Typically this sort of calculation is done with only a rough estimate of $\sigma$ 
and therefore I would subsequently regard the resulting sample size $n$ as an 
equally rough estimate. 

We could be a bit more precise and use the $t$-quantile, but because the degrees 
of freedom depend on $n$ as well, then we would have $n$ on both sides of the equation 
and there is no convenient algebraic solution to solving for $n$. Later on we'll 
use an R function that accounts for this, but for now we will use the rough 
approximation.

## Exercises {#Exercises_ConfidenceIntervals}

1.  An experiment is conducted to examine the susceptibility of root stocks of a 
    variety of lemon trees to a specific larva. Forty of the plants are subjected to 
    the larvae and examined after a fixed period of time. The response of interest is 
    the logarithm of the number of larvae per gram of of root stock. For these 40 plants, 
    the sample mean is $\bar{x}=11.2$ and the sample standard deviation is $s=1.3$. 
    Use these data to construct a $90\%$ confidence interval for $\mu$, the mean 
    susceptibility of lemon tree root stocks from which the sample was taken. 
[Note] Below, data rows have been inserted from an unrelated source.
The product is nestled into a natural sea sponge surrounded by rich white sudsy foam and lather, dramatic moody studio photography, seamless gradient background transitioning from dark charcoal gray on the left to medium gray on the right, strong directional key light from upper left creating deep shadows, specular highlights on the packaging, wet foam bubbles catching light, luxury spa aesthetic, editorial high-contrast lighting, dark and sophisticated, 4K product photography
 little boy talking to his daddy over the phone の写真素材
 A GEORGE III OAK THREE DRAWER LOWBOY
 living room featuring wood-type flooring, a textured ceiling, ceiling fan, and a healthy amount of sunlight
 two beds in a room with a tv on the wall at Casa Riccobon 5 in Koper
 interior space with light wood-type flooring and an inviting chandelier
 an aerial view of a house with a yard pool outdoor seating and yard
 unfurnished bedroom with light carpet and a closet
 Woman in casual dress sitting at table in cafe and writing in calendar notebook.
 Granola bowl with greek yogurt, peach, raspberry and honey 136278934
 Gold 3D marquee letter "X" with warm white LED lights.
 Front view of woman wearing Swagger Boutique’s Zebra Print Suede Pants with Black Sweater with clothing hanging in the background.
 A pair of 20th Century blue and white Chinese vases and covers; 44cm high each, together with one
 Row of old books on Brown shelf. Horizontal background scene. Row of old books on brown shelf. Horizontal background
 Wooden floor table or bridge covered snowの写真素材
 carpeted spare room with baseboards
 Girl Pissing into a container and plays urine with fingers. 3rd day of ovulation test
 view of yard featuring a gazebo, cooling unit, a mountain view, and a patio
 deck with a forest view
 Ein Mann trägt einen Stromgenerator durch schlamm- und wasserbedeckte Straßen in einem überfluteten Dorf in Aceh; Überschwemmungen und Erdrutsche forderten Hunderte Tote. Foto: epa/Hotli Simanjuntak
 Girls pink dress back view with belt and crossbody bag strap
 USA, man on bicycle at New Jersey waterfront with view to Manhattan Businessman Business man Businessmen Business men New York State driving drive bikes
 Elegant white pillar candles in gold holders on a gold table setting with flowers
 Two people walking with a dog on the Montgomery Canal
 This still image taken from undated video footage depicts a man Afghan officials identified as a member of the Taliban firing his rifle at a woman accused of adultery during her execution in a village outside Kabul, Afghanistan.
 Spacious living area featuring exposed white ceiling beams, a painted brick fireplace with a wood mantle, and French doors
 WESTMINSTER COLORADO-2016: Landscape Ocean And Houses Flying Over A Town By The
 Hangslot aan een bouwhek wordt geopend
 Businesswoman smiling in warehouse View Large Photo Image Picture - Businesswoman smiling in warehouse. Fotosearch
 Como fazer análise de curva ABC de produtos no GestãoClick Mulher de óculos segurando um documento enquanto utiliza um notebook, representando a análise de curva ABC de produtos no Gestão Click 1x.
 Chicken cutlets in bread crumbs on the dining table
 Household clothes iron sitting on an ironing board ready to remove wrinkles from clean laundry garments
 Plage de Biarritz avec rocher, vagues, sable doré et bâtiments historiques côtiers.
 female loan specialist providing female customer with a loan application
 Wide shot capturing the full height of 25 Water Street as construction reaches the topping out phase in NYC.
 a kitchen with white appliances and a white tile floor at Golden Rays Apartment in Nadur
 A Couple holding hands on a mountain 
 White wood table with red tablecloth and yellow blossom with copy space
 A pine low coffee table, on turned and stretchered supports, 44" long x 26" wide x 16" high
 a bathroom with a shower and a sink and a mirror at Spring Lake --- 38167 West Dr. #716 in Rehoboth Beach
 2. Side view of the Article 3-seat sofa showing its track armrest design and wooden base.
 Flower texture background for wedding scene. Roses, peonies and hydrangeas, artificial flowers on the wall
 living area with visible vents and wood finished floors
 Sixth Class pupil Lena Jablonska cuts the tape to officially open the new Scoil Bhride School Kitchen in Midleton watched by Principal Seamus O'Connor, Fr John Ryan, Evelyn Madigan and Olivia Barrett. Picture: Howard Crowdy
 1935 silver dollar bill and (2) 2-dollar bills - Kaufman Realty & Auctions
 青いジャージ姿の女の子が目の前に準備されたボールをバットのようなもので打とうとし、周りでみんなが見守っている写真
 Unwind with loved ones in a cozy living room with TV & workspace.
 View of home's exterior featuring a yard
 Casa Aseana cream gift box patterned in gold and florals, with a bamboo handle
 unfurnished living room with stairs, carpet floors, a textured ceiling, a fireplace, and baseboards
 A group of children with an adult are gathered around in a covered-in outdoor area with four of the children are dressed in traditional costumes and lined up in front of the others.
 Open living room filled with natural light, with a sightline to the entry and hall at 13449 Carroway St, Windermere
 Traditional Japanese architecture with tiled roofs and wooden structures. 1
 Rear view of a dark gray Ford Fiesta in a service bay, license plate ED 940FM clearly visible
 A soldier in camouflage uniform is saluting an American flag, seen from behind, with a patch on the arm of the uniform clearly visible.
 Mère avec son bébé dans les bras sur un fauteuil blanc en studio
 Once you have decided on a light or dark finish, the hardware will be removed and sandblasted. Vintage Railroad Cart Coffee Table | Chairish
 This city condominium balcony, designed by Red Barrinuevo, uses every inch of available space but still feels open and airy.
2.  A social worker is interested in estimating the average length of time spent 
    outside of prison for first offenders who later commit a second crime and are 
    sent to prison again. A random sample of $n=100$ prison records in the count 
    courthouse indicates that the average length of prison-free life between first 
    and second offenses is $4.2$ years, with a standard deviation of $1.1$ years. 
    Use this information to construct a $95\%$ confidence interval for $\mu$, the 
    average time between first and second offenses for all prisoners on record in 
    the county courthouse.

3.  A biologist wishes to estimate the effect of an antibiotic on the growth of a 
    particular bacterium by examining the number of colony forming units (CFUs) 
    per plate of culture when a fixed amount of antibiotic is applied. Previous 
    experimentation with the antibiotic on this type of bacteria indicates that 
    the standard deviation of CFUs is approximately $4$. Using this information, 
    determine the number of observations (i.e. cultures developed) necessary to 
    calculate a $99\%$ confidence interval with a half-width of $1$.

4.  In the R package `Lock5Data`, the dataset `FloridaLakes` contains information 
    about the mercury content of fish in 53 Florida lakes. For this question, 
    we'll be concerned with the average ppm of mercury in fish from those lakes 
    which is encoded in the column `AvgMercury`.
    a)  Using the bootstrapping method, calculate a 95% confidence interval for 
        $\mu$, the average ppm of mercury in fish in all Florida lakes.
    b)  Using the asymptotic approximations discussed in this chapter, calculate 
        a 95% confidence interval for $\mu$, the average ppm of mercury in fish 
        in all Florida lakes.
    c) Comment on the similarity of these two intervals.

5.  In the R package `Lock5Data`, the dataset Cereal contains nutrition information 
    about a random sample of 30 cereals taken from an on-line nutrition information
    website (see the help file for the dataset to get the link). For this problem, 
    we'll consider the column `Sugars` which records the grams of sugar per cup.
    a)  Using the bootstrapping method, calculate a 90% confidence interval for 
        $\mu$, the average grams of sugar per cup of all cereals listed on the website.
    b)  Using the asymptotic approximations discussed in this chapter, calculate 
        a 90% confidence interval for $\mu$, the average grams of sugar per cup 
        of all cereals listed on this website.
    c)  Comment on the similarity of these two intervals.
    d)  We could easily write a little program (or pay an undergrad) to obtain 
        the nutritional information about all the cereals on the website so the 
        random sampling of 30 cereals is unnecessary. However, a bigger concern 
        is that the website cereals aren't representative of cereals Americans eat. 
        Why? For example, consider what would happen if we added 30 new cereals 
        that were very nutritious but were never sold.